I'm nobody! Who are you?
Are you nobody, too?
Then there's a pair of us -- don't tell!
They'd banish us you know!
How dreary to be somebody!
How public, like a frog
To tell one's name the livelong day
To an admiring bog!
Lately I've been listening for the peepers. A Spring peeper is, according to Wikipedia, "a small chorus frog."
Small, perhaps, but mighty en mass with all those chirpy voices rising into the night. Peepers fill their vocal sacs with air until they look like a balloon, then they let out a "peep" as they release the air.
I love it.
The sounds in the boggy back fields near my mom's house are so wonderful this time of year. Evening's Great Silence has been unlocked. The tiny heralds of Spring inflate and release their mini balloon warbles in a chorus of celebration.
A spring pond full of peeping peepers can sound like sleigh bells jingling -- only louder.
The poem above, by Emily Dickinson, is one of her most famous and playful works. Ironic, since the author penned nearly 1800 poems but published fewer than 10 of them in her lifetime.
The peeper frog is tiny; no bigger than your thumb-nail, and its balloon chirp is a comical part of nature. So it is with Dickinson's pithy verse: brief and whimsical.
Yet the combined impact of thousands of these little frogs is, well, shrill and clamorous.

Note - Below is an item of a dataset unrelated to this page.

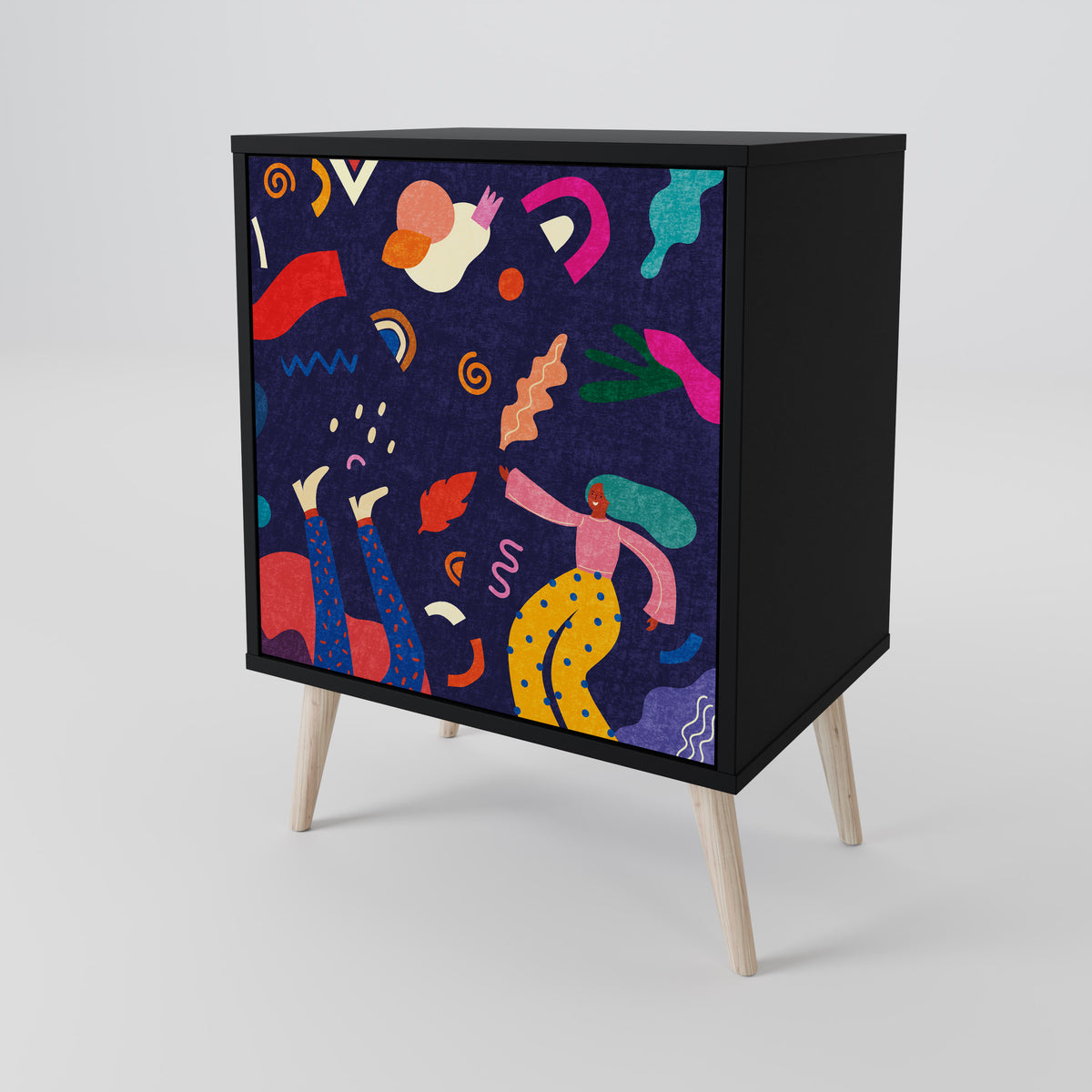 FESTIVE PLEASURES 1-türiges Sideboard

It's a collection of chirps, warbles and trills that joyfully announce the next season.
Is it Spring yet? Are we finally rounding a corner?
Daytime temperatures are getting balmier, and green shoots are popping up everywhere. Porch swings are coming out of storage, and barbecue grills are being called into service.
The happiest commotion of all is what you'll hear when you lean into the breeze and hear the sounds it carries: the peepers returning and reclaiming the night.